Я вздрогнула. Это был голос Антонио, который я не слышала вот уже три месяца. Я улыбнулась сквозь слезы, но была такая замерзшая, что не могла броситься ему на шею.

– Антонио! Как ты вошел сюда?

– Нунча становится совсем старой, малышка, ей только кажется, что она запирает дверь.

Бережно и осторожно он поднял меня со стула и тщательно закутал мои ноги в свою теплую куртку. Сам он был весь красный и замерзший, но казался очень возбужденным и разговаривал приветливо.

– Ах ты крошка… Да ты совсем закоченела.

Я прижалась лицом к его груди, с удовольствием чувствуя, что мне уже не так холодно. Он укачивал меня, как младенца перед сном, и смотрел на меня с ласковой улыбкой.

– Как хорошо, Антонио, что ты пришел, – прошептала я. Он, не ответив, усадил меня на стул и разгреб жар в очаге.

Брошенные поленья заполыхали так жарко, что я обомлела от такого потока теплого воздуха. Антонио бросился в соседнюю комнату и, принеся в кухню брачьери, досыпал туда целый ковш древесного угля.
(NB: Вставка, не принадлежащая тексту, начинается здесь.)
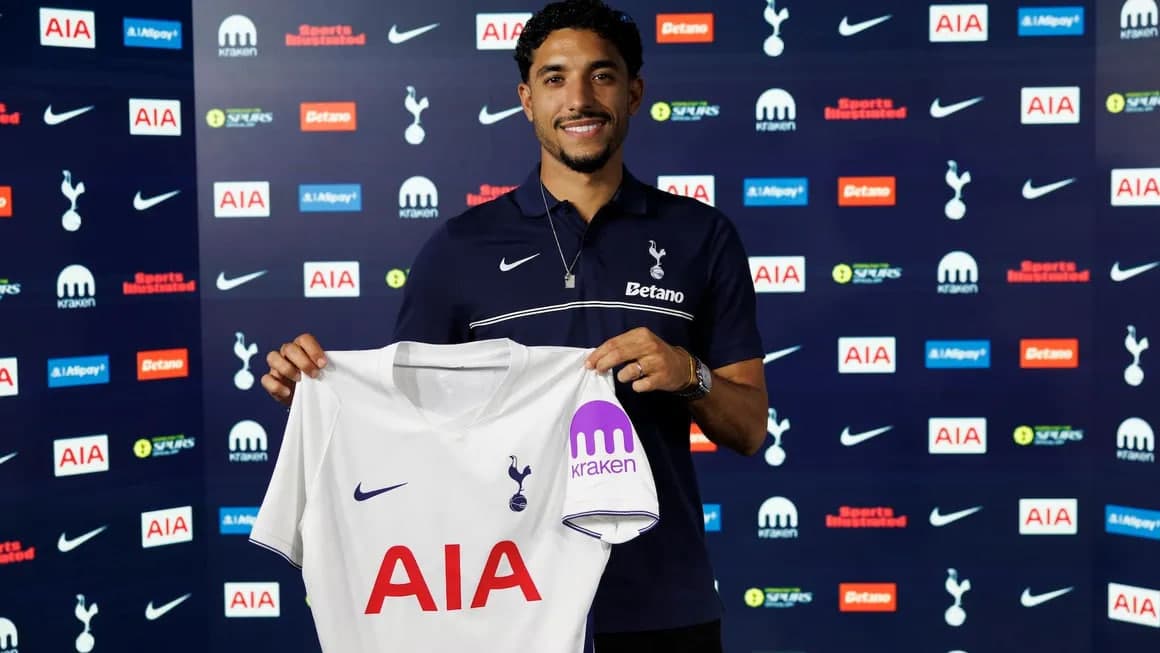 Tottenham Hotspur announce signing of Omar Marmoush on loan from Manchester City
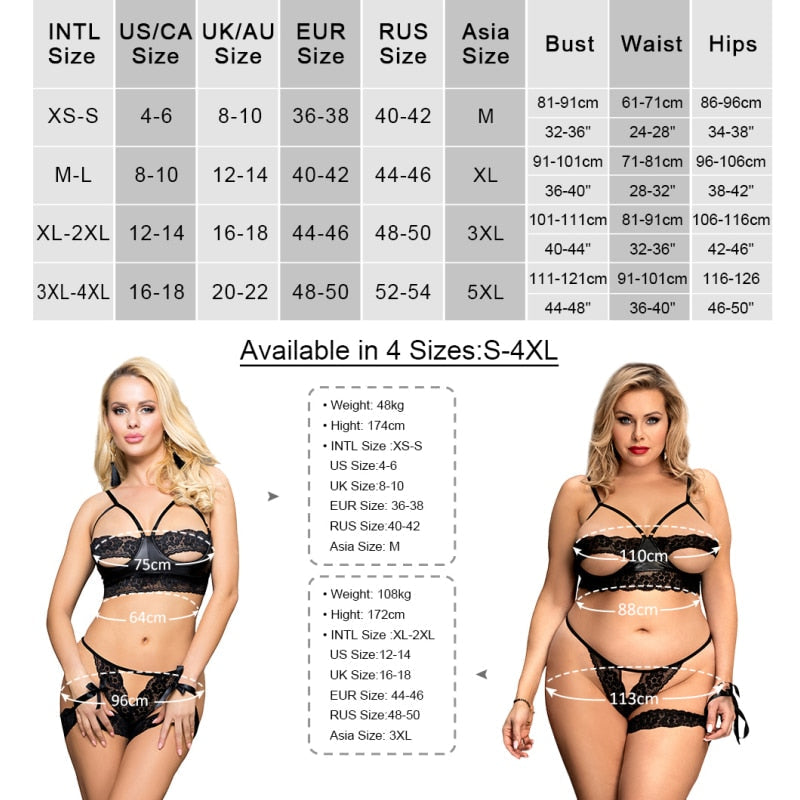 Women's Polyester Sexy Lace Leather Open Cup Bra Hollow Out Lingerie S GeraldBlack.com Women's Polyester Sexy Lace Leather Open Cup Bra Hollow Out Lingerie S GeraldBlack.com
Я запротестовала:

– Не делай этого, Антонио, у нас нет больше дров!

– У вас будут и дрова, и уголь, Ритта.

Он вытащил из кармана увесистый мешочек и швырнул его на стол.

– Здесь деньги, Ритта.

– Золотые? – пораженно спросила я.

– Такие, какие нужно. Их хватит на несколько месяцев.

– Ох, Нунча будет очень рада… Он вздохнул, гладя меня по голове.

– Жаль, что я не смогу с ней проститься.

– Разве ты уезжаешь?

– Да…

– А где ты взял денег? – спросила я, не слишком обеспокоенная известием об отъезде брата. Я знала, что временно ему нужно скрываться. – Так где же ты достал денег, Антонио?

– У Энрико Фесты, сестренка. Мои глаза сделались круглыми.

– Так ты все-таки был у него?

– Все эти дни, Ритта. И заработал немало денег… Два дня назад нас разгромили солдаты. Феста получил пулю в лоб. А я скрылся… Мне нужно бежать, малышка.

Я готова была расплакаться. Антонио, не замечая слез, дрожавших у меня на ресницах, распахнул дверцу буфета и сунул в карман кусок сыра рикотто и краюху хлеба, объяснив это тем, что несколько дней ему лучше не попадаться на глаза лавочникам.

– Я хочу, чтобы вы жили хорошо, Ритта, – сказал он, направляясь к дверям. Он действительно очень спешил.